I am using Lightroom version 4.2 (cloud subscription) and previously have exported copies of selected photos onto my iMac desktop before printing them out. 
Is there any way of printing photos directly from Lightroom?


----------



## Johan Elzenga (Apr 9, 2021)

No, there isn’t.


----------



## clee01l (Apr 10, 2021)

kreekineez said:


> I am using Lightroom version 4.2 (cloud subscription) and previously have exported copies of selected photos onto my iMac desktop before printing them out.
> Is there any way of printing photos directly from Lightroom?

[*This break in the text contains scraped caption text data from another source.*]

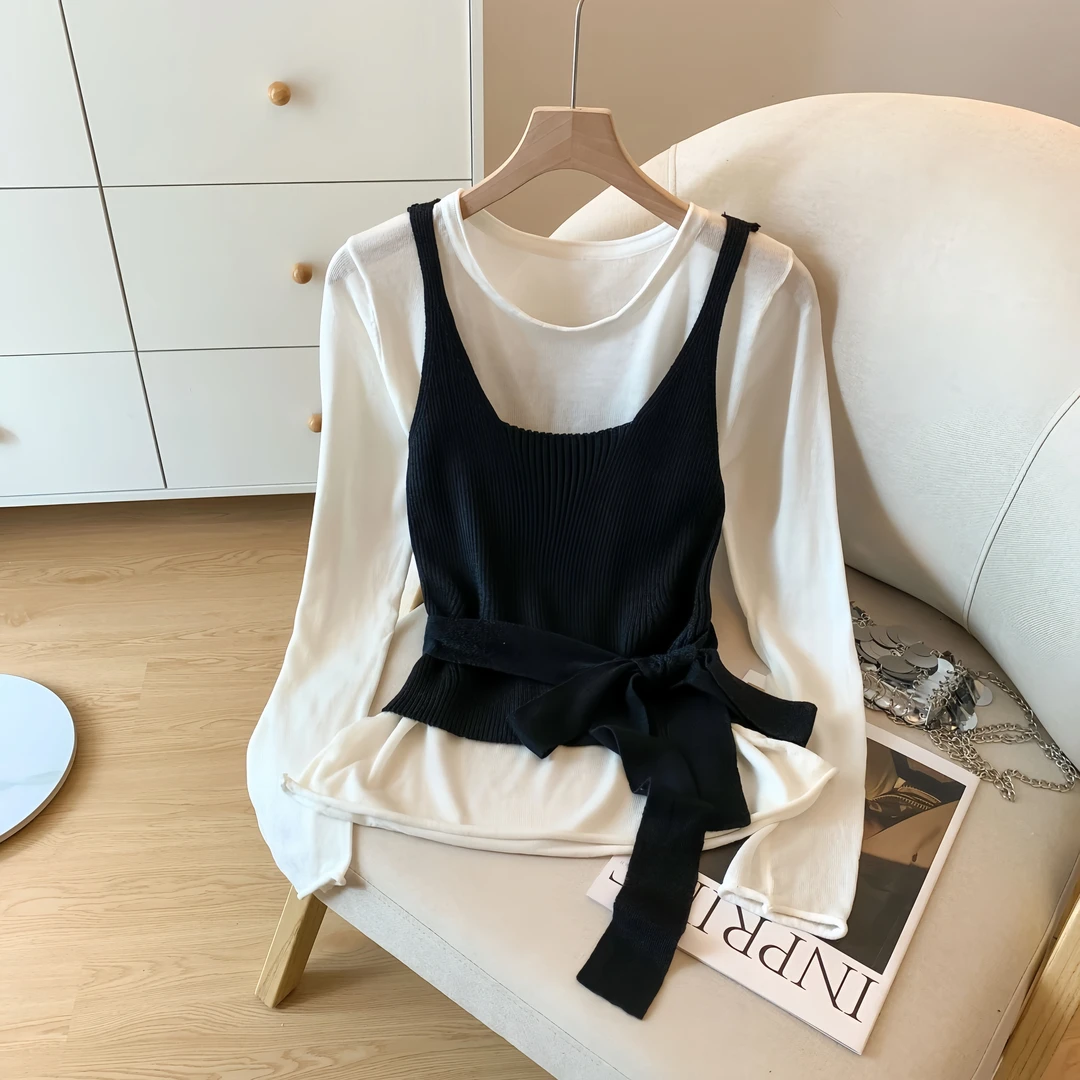 SM潮流早秋新款气质收腰系带针织衫吊带背心洋气女T恤上衣两件套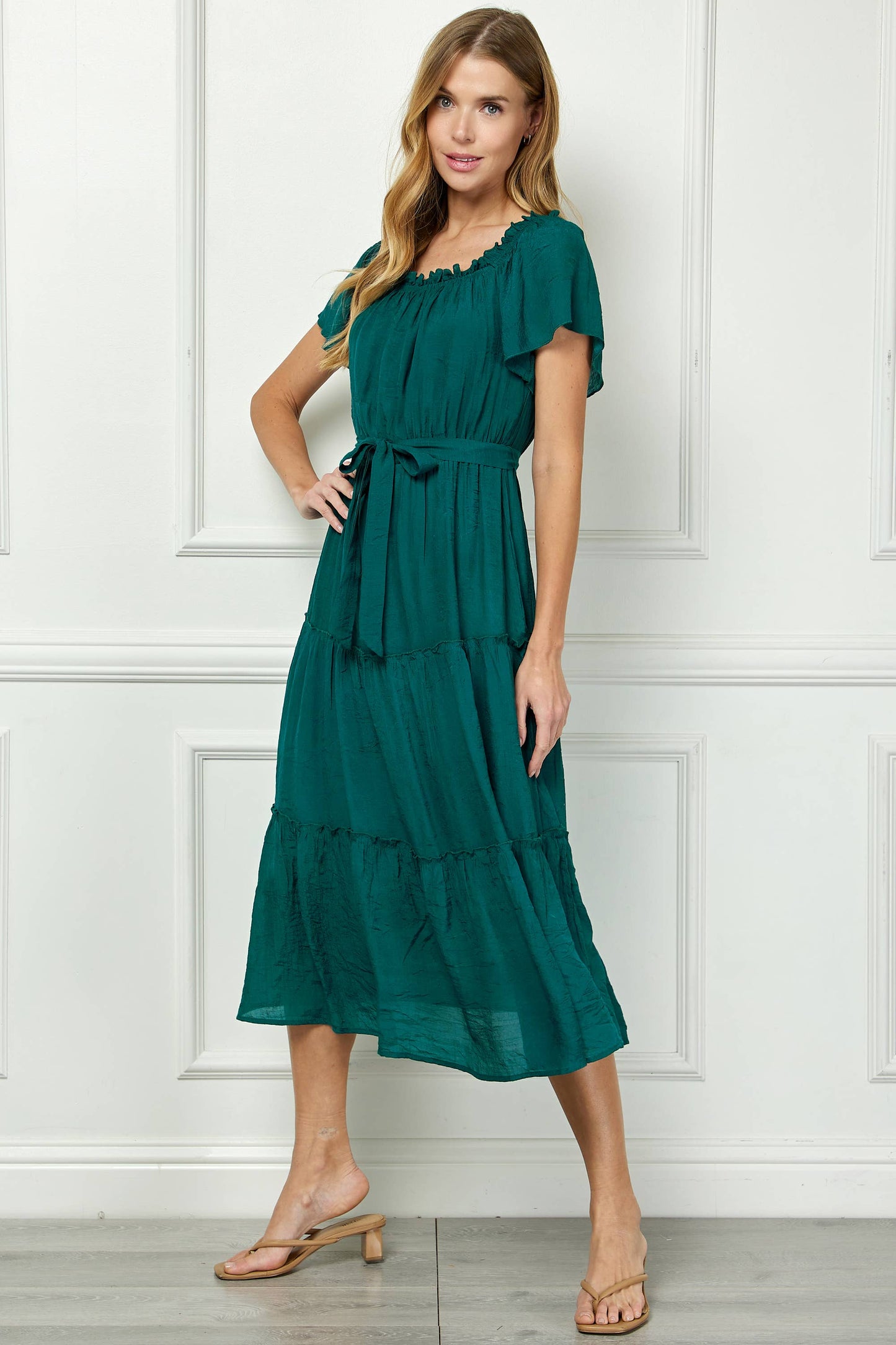 Ruffled Tiered Cropped Maxi Dress with Lining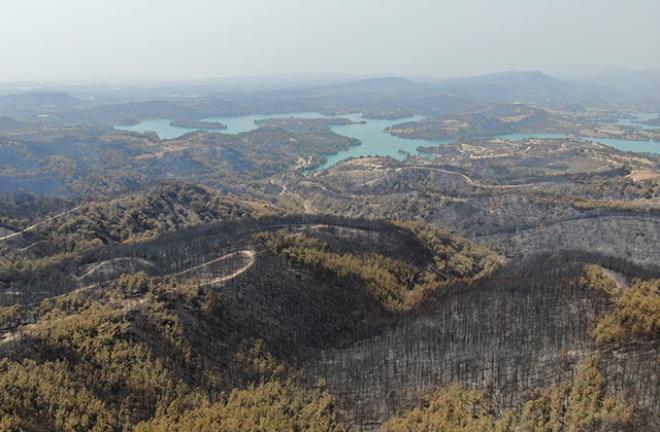 9 gün boyunca yanan Marmaris'ten geriye bu manzaralar kaldı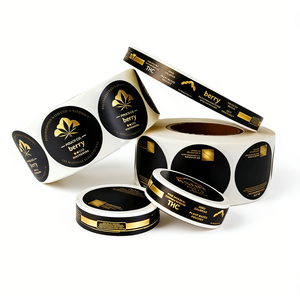 Étiquettes d'emballage personnalisées autocollantes avec impression UV sélective en relief, étiquettes enveloppantes étanches pour pots de snus et autocollants pour couvercles de boîtes en métal - Product Image 1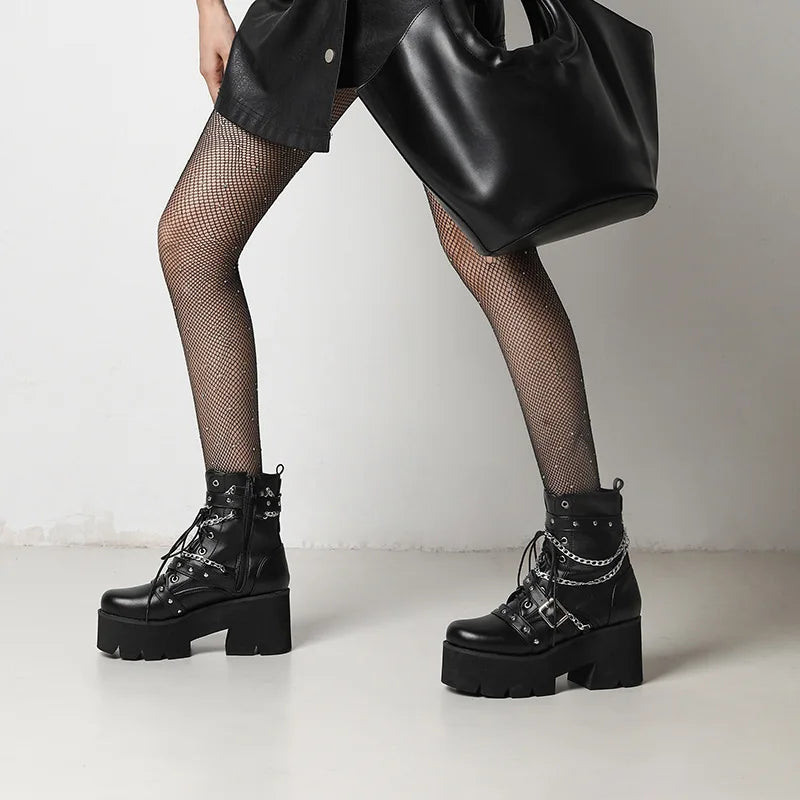 Women's Black Platform Ankle Boots | Punk Chain Accent, Dark Fashion Essential Footwear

Yes, but you probably won't like it.  Lightroom Classic invokes the Print Module and creates a temporary file in working storage.  It is this file that gets sent to the printer.   This temporary file gets deleted automatically when you exit Lightroom Classic
In Lightroom on the Mac, you can export a file with all of your Lightroom adjustments built in.  You can print this derivative file using a photo printing app.   Lightroom Classic is at this point just another photo printing app.  Your printer probably came with a dedicated printing app.  There are other apps that bring photo quality images.  The Photos app that came with your MacOS, Photoshop, and one that I haven't tried Qimage One.  
After printing, you can delete the derivative file just as LrC would have done.


----------